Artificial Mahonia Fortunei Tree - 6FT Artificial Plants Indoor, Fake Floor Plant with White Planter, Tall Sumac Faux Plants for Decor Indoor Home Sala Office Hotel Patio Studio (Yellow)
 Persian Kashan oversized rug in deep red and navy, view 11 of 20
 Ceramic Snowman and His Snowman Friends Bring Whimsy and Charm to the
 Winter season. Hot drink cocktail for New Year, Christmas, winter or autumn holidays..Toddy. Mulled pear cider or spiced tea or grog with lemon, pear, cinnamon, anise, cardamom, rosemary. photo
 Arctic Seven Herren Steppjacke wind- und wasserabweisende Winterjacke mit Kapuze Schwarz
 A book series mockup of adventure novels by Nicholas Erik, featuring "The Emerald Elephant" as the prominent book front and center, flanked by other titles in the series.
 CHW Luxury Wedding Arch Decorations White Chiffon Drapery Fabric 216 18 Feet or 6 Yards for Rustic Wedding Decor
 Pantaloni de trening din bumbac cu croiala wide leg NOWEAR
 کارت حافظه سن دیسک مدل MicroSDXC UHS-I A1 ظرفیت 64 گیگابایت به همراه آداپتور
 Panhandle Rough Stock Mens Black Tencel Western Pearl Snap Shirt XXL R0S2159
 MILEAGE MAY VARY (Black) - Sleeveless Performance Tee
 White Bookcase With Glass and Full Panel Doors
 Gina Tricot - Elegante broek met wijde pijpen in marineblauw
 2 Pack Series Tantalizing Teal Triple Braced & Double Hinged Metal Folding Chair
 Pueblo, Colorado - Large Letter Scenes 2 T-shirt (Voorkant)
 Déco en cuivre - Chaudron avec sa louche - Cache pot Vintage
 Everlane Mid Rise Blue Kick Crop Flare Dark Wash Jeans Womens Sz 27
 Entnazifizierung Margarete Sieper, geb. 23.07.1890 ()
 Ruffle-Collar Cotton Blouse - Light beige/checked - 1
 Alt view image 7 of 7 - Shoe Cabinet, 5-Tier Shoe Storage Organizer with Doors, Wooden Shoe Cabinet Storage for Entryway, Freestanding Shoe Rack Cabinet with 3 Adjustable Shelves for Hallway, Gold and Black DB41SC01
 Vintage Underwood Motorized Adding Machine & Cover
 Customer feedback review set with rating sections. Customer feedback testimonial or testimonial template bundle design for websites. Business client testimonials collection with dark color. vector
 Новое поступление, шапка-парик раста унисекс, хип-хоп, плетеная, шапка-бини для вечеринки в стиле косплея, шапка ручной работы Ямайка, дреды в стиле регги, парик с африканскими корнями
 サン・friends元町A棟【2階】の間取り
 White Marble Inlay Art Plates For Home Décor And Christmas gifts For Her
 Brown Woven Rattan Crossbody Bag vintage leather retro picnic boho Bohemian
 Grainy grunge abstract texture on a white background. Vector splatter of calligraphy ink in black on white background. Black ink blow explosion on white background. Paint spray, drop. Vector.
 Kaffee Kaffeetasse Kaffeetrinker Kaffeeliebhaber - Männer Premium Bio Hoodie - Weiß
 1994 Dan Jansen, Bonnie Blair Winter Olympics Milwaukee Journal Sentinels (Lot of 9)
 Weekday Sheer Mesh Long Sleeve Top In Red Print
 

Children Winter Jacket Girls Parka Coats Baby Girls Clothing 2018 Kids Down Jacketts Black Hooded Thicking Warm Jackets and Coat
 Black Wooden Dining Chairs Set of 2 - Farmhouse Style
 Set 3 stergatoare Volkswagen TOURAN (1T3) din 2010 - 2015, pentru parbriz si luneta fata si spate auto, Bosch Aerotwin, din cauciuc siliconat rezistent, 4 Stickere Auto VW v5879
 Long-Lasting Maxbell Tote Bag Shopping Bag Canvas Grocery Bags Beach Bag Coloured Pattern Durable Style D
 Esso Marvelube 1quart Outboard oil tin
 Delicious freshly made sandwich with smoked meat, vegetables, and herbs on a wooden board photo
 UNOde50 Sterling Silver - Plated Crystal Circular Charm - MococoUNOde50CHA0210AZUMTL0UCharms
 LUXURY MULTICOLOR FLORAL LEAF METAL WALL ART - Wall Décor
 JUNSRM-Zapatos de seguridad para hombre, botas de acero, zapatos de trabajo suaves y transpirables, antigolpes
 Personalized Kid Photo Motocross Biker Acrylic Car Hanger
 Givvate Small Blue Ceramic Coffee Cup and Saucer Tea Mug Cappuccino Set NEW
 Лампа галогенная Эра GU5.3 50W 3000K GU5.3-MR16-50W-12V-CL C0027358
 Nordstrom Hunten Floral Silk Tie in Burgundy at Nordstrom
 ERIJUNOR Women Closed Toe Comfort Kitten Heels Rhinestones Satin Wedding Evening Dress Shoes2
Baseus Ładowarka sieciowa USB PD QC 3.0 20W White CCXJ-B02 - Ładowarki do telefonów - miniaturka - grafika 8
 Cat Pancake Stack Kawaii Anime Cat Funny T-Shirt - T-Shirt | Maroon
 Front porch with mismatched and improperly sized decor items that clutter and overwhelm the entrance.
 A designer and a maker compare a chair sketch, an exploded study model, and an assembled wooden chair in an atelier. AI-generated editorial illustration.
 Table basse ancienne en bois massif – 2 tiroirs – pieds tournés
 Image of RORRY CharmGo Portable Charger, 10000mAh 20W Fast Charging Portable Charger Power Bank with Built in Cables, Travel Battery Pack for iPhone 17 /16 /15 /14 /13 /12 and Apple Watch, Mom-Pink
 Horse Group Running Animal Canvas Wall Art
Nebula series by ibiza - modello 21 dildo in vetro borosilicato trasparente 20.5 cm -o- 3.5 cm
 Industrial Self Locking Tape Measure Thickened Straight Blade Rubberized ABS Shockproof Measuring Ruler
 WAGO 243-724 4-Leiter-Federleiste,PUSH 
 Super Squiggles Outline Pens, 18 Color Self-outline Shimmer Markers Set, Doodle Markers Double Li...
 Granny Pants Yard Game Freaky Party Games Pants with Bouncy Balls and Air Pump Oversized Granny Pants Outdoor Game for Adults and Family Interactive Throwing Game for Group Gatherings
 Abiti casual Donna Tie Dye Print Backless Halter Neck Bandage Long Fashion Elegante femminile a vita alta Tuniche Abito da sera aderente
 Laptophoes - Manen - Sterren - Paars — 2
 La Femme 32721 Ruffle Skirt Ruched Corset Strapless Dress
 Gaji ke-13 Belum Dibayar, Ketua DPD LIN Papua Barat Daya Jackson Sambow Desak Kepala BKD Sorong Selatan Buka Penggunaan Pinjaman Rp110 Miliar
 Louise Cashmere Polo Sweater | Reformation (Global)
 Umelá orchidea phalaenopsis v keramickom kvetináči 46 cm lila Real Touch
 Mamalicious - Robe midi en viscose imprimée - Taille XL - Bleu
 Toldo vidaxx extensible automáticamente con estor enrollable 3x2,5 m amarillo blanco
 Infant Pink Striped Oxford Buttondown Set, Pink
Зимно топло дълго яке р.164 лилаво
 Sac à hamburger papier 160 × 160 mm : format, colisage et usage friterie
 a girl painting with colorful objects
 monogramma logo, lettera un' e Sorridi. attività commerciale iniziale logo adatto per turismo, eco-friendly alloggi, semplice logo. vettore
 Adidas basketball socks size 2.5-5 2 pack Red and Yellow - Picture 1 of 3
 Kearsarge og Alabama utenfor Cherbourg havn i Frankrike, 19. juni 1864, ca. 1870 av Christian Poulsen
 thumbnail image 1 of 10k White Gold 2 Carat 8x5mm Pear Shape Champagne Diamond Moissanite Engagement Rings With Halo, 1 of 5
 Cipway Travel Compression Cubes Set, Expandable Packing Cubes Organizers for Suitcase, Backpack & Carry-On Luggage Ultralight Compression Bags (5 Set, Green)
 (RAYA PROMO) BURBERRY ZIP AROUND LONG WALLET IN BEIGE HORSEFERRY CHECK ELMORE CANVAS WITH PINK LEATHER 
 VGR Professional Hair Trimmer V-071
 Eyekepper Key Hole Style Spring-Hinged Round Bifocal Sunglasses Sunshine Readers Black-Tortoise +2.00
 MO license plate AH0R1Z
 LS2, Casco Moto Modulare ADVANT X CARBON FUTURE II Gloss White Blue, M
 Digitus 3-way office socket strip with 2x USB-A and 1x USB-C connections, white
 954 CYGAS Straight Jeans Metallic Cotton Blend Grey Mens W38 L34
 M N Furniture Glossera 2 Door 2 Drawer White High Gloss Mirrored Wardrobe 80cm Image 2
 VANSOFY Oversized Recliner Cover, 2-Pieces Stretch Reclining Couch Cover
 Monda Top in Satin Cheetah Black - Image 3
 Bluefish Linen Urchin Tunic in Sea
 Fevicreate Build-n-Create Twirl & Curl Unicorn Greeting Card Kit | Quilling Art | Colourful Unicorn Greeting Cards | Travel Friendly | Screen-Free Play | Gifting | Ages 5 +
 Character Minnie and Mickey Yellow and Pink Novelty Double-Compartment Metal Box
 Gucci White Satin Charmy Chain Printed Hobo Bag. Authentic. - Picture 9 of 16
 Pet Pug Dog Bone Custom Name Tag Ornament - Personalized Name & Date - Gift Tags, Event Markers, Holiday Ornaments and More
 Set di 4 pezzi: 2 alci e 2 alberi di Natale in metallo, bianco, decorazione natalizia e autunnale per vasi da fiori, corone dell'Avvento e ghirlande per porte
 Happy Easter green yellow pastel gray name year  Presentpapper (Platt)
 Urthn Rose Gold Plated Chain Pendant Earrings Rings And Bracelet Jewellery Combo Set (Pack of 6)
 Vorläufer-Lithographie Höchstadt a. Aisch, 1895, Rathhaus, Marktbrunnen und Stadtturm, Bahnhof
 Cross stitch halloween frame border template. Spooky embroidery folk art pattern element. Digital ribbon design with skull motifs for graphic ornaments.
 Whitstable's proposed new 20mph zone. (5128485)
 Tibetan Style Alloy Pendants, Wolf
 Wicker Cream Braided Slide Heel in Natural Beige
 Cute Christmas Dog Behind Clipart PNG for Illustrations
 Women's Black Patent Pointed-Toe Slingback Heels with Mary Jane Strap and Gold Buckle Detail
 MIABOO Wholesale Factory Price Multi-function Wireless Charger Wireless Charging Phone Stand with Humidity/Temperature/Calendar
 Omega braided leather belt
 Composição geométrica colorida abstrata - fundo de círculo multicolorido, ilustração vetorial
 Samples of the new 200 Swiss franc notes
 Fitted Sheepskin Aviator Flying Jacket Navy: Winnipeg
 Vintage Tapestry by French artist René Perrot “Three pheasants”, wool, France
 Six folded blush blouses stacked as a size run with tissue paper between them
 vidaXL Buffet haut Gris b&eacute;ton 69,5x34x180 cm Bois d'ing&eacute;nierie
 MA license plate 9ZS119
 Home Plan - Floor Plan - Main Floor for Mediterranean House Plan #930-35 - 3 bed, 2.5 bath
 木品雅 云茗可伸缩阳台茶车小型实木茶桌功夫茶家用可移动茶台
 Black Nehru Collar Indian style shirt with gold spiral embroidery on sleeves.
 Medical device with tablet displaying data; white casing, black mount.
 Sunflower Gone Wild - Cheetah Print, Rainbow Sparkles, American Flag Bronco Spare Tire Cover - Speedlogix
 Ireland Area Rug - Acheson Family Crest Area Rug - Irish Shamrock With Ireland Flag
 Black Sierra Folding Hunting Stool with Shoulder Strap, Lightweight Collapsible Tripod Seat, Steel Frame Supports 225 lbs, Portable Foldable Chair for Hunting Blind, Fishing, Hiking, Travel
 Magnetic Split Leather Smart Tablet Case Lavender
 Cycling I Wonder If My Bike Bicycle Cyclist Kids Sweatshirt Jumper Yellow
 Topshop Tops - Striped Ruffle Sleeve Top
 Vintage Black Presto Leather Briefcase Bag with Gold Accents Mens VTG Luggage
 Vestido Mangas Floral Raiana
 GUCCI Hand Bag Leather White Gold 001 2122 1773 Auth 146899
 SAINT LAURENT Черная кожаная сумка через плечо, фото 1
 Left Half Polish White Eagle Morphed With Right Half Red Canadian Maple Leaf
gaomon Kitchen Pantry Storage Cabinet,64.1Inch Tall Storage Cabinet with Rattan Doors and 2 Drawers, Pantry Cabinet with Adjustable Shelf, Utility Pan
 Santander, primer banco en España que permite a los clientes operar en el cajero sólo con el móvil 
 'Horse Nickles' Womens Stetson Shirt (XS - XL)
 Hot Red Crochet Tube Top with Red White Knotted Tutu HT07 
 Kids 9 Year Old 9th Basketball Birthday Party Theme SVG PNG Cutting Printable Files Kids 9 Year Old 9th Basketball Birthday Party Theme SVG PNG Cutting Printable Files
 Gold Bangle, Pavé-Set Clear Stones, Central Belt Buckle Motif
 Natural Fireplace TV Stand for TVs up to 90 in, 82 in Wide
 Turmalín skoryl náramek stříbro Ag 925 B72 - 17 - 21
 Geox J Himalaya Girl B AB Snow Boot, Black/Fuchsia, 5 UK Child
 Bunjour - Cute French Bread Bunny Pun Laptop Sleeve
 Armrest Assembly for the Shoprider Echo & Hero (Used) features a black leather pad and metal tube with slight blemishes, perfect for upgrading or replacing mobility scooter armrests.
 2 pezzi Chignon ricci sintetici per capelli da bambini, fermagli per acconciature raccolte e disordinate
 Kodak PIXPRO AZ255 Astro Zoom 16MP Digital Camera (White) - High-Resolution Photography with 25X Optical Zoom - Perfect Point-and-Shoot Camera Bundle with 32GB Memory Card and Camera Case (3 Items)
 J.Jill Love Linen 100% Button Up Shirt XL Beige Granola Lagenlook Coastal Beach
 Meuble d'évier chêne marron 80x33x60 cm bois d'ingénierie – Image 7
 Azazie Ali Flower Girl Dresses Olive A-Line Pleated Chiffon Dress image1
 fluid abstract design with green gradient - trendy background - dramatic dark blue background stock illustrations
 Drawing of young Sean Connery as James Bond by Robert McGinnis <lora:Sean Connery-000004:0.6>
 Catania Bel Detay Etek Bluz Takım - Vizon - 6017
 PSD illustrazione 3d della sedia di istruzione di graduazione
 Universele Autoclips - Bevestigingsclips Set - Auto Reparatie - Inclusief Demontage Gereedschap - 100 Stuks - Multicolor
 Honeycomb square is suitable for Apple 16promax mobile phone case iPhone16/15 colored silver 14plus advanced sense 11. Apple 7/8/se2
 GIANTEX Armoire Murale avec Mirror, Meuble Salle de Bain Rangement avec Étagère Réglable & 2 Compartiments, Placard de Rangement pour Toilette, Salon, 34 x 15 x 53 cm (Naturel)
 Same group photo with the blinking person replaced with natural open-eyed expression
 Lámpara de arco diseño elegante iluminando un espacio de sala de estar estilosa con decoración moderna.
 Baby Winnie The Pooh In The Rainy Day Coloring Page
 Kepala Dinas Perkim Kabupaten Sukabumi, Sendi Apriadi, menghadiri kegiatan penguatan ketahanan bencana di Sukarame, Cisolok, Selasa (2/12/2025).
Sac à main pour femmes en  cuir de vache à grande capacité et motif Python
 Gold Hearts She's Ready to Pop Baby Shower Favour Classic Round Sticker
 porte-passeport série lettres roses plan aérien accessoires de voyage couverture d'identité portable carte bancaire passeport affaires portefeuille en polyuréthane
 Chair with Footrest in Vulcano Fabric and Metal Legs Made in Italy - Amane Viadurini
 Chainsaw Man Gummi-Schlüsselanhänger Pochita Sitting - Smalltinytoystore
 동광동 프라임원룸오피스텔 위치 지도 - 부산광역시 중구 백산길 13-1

Instructions for the task: From the records above, transcribe without alteration every line from the one with "2 pezzi Chignon" to the one with "fluid abstract design", inclusive.

Output of the task:
 2 pezzi Chignon ricci sintetici per capelli da bambini, fermagli per acconciature raccolte e disordinate
 Kodak PIXPRO AZ255 Astro Zoom 16MP Digital Camera (White) - High-Resolution Photography with 25X Optical Zoom - Perfect Point-and-Shoot Camera Bundle with 32GB Memory Card and Camera Case (3 Items)
 J.Jill Love Linen 100% Button Up Shirt XL Beige Granola Lagenlook Coastal Beach
 Meuble d'évier chêne marron 80x33x60 cm bois d'ingénierie – Image 7
 Azazie Ali Flower Girl Dresses Olive A-Line Pleated Chiffon Dress image1
 fluid abstract design with green gradient - trendy background - dramatic dark blue background stock illustrations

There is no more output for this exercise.